→ **The data**:
= Beginning of Section =
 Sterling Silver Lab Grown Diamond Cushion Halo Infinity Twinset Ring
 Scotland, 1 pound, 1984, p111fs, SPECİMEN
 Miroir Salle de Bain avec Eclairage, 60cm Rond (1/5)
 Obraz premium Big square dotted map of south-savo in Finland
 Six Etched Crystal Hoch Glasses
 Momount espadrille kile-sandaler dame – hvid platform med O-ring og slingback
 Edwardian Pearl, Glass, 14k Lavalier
= End of Section =
= Beginning of Section =
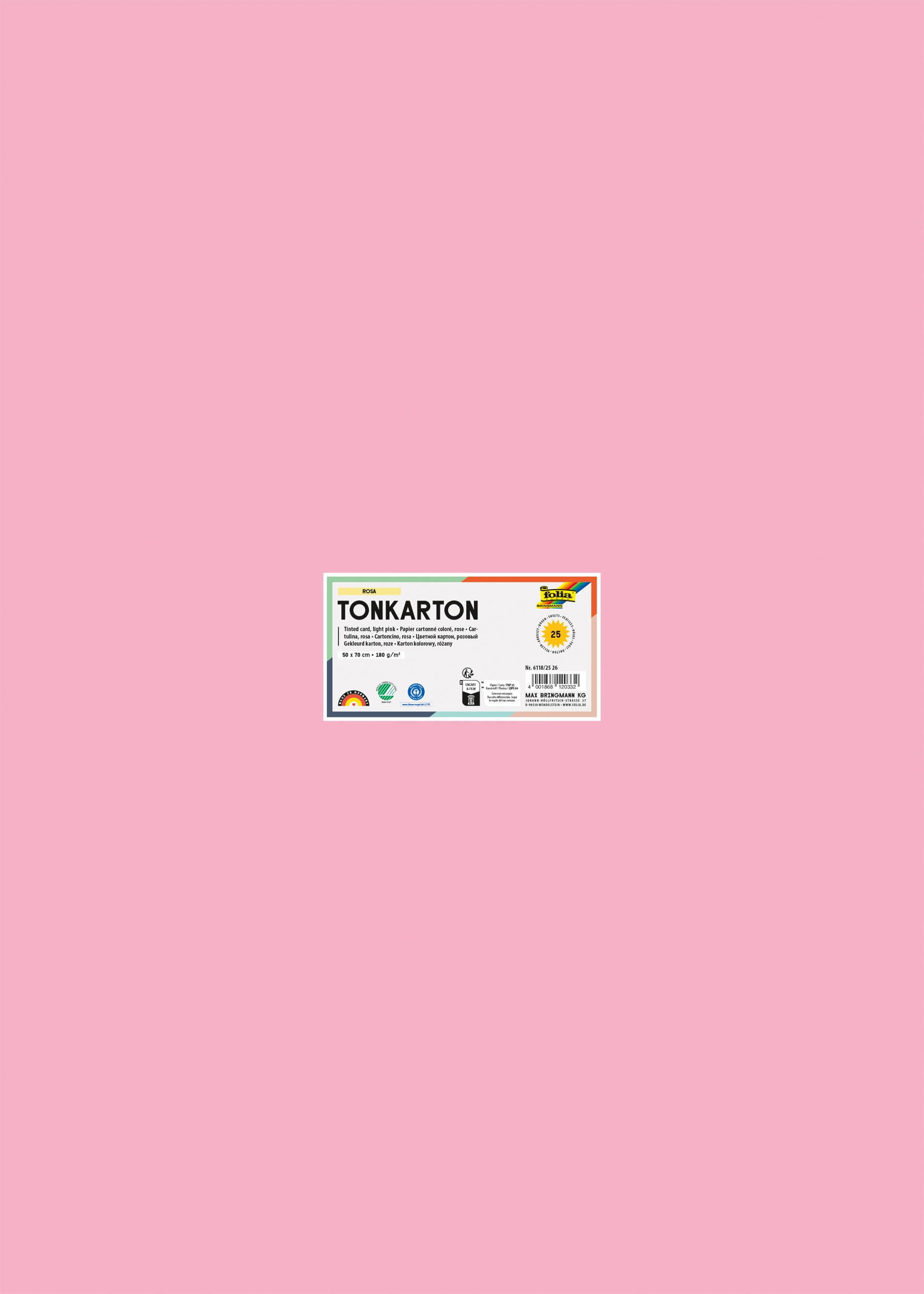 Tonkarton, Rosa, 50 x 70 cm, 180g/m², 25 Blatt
= End of Section =
= Beginning of Section =
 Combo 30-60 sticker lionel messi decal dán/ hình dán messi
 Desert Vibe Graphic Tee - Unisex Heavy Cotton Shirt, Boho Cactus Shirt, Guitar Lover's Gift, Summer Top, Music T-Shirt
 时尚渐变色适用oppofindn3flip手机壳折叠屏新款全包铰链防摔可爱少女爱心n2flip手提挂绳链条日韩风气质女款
= End of Section =
→ **Exercise instructions**:
Restate word for word the lines of the data above, starting at the line containing "Sterling Silver Lab" and ending at the line containing "Edwardian Pearl, Glass, 14k Lavalier", both included, and nothing more.

→ **Written reply**:
 Sterling Silver Lab Grown Diamond Cushion Halo Infinity Twinset Ring
 Scotland, 1 pound, 1984, p111fs, SPECİMEN
 Miroir Salle de Bain avec Eclairage, 60cm Rond (1/5)
 Obraz premium Big square dotted map of south-savo in Finland
 Six Etched Crystal Hoch Glasses
 Momount espadrille kile-sandaler dame – hvid platform med O-ring og slingback
 Edwardian Pearl, Glass, 14k Lavalier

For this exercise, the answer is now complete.